▶ **WHAT NEEDS TO BE DONE**
Print, exactly as they appear in the listing below, the lines from the line with "1girl all_fours ass" to the line with "Жіноча шкіряна сумка", with both end lines kept.

▶ **DATA UNDER STUDY**
━━━━━━
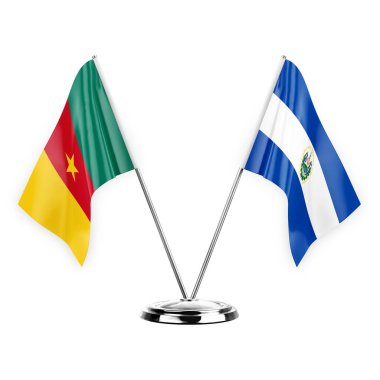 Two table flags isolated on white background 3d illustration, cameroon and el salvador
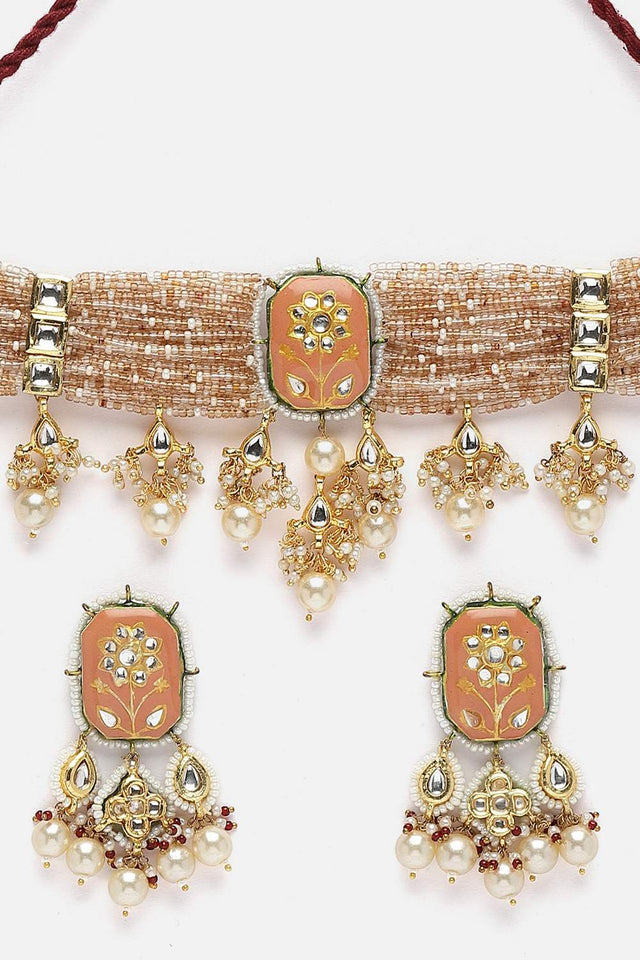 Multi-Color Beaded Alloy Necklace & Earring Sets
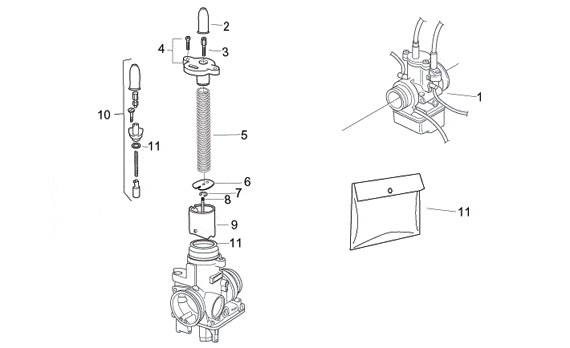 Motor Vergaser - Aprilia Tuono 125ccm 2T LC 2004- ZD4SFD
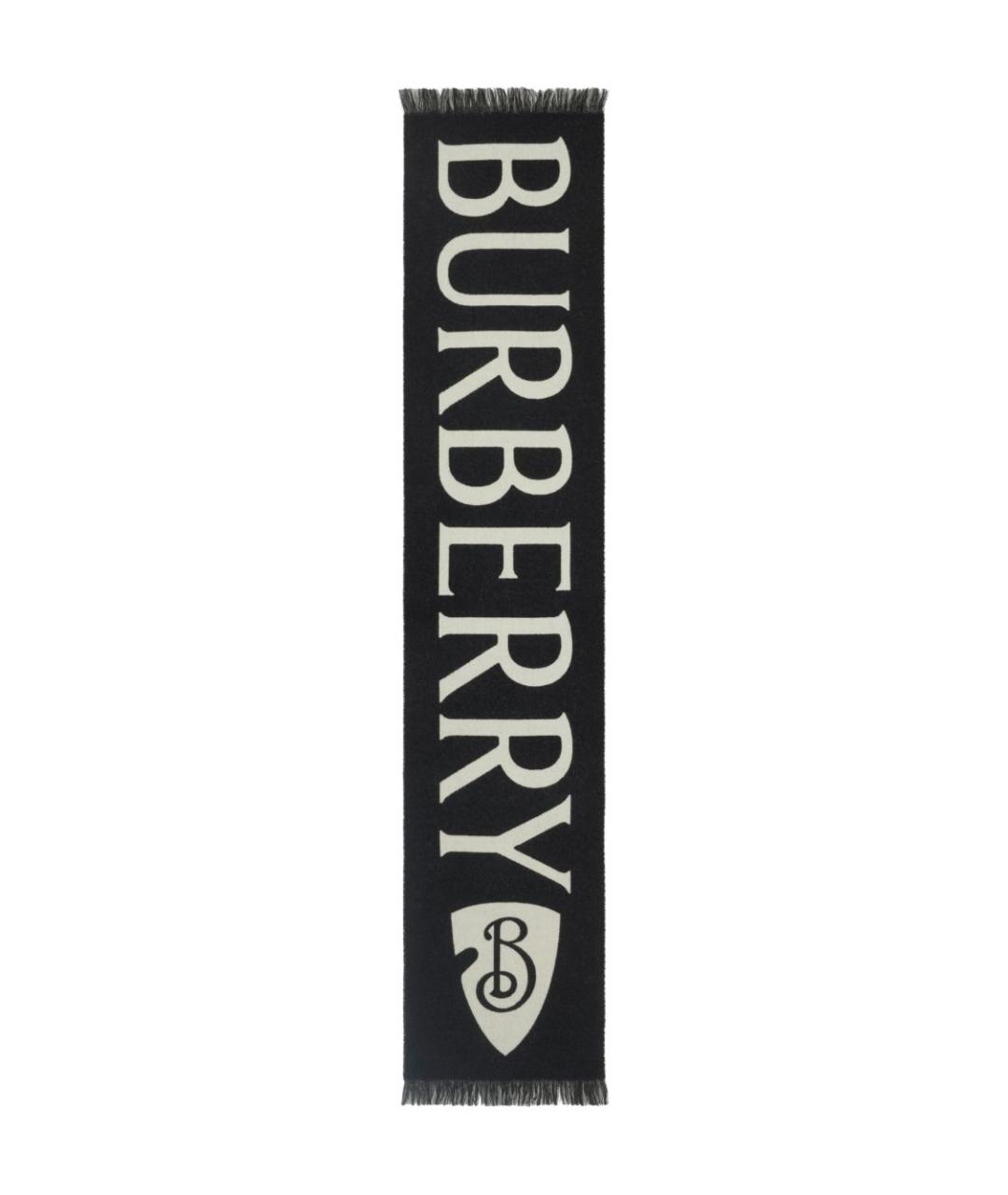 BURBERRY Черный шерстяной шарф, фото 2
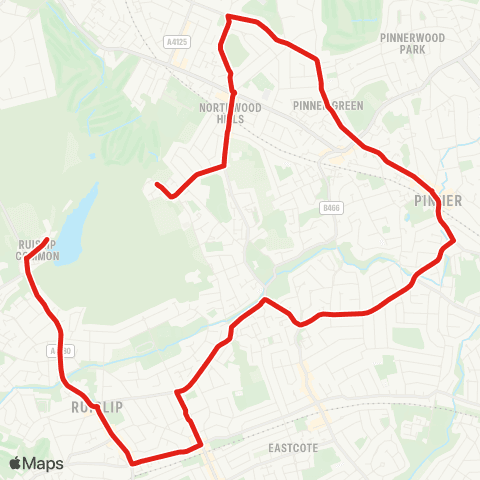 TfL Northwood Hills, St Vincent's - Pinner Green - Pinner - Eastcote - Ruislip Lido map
━━━━━━
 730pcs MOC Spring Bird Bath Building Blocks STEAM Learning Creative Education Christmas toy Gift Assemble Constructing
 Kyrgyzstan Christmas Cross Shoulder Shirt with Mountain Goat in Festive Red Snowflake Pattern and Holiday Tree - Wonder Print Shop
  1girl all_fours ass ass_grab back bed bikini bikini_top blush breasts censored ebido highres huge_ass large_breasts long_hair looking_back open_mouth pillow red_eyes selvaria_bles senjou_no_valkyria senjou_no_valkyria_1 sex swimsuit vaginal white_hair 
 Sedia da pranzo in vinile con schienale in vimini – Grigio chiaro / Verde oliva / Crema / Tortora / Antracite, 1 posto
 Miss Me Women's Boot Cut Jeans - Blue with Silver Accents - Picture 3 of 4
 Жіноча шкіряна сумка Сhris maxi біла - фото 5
━━━━━━
▶ **ANSWER SPACE**
  1girl all_fours ass ass_grab back bed bikini bikini_top blush breasts censored ebido highres huge_ass large_breasts long_hair looking_back open_mouth pillow red_eyes selvaria_bles senjou_no_valkyria senjou_no_valkyria_1 sex swimsuit vaginal white_hair 
 Sedia da pranzo in vinile con schienale in vimini – Grigio chiaro / Verde oliva / Crema / Tortora / Antracite, 1 posto
 Miss Me Women's Boot Cut Jeans - Blue with Silver Accents - Picture 3 of 4
 Жіноча шкіряна сумка Сhris maxi біла - фото 5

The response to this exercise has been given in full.